It was always worth checking out Allans sales. Although determinedly mainstream and totally in thrall to the hits of the day, the music shop occasionally ordered—and got stuck with—oddities, outliers and obscurities. These ended up in the SALE bins, usually at excellent prices. I loved those sales; you could take a punt of three or four unknown artists, grab a pair of sought-after titles (that hadn’t sold) and still have change from twenty dollars. Excellent value for a penurious student.

Ringing guitar tones that don’t sound like guitar. Nor like any six-string solos you’ve ever heard before. Echoing like reflected sonic beams from a parallel universe, these are strange and slightly disturbing vibrations

One Allans sale I met a uni acquaintance trawling through the bins. She seemed very focussed in her browsing, but paused long enough to disclose her secret strategy. Order something you want, she said, but never pick it up. They dump uncollected orders into the discount bins. It seemed a risky strategy to me. Good luck, I said. I left her flipping feverishly.

Odd vibrato pulses, jumping around a darkened stave like fireflies. Notes like blocks piled higgledy piggledy, teetering on wayward harmonics

Not all the LPs were mark-downs. Some were record company deletions, identified by a bullet hole somewhere on the sleeve. 

When it was an unfamiliar album by a recognised artist, I was more likely to take the chance. Such as a Robert Fripp album with two front covers. How odd.


On listening to the record, not so weird, this split personality cover. 

An album of two sides. 

An album with a hole on the top left corner. 

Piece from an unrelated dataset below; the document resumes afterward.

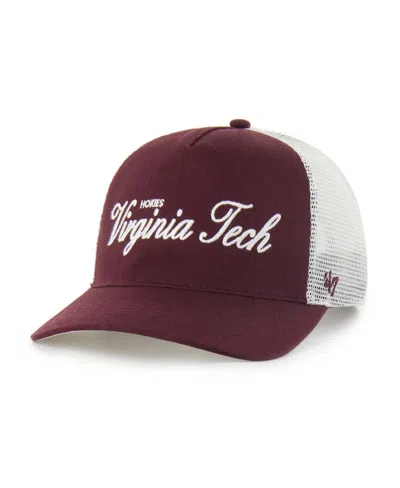 47 Brand Men's And Women's Maroon Virginia Tech Hokies Contemporary Basics Foundation Trucker Hitch Adjustabl In Brown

An album with a postcard and a sheet of liner notes in small type.

Morse code pings and bleeps, gastrointestinal growlings, subdued flurries of repeated notes, beaming in from stars suspended over the Mariana Trench.

An album with a manifesto.

Frippertronics is defined as that musical experience resulting at the interstice of Robert Fripp and a small, mobile and appropriate level of technology viz, his guitar, Frippelboard and two Revoxes*

Having released Red—arguably the most satisfying and consistent King Crimson album—in 1974, Robert Fripp promptly disbanded the highly successful progressive rock outfit due to dissatisfaction with the ‘rock’ experience, and, one suspects, a deep aversion to mainstream success. In his own words…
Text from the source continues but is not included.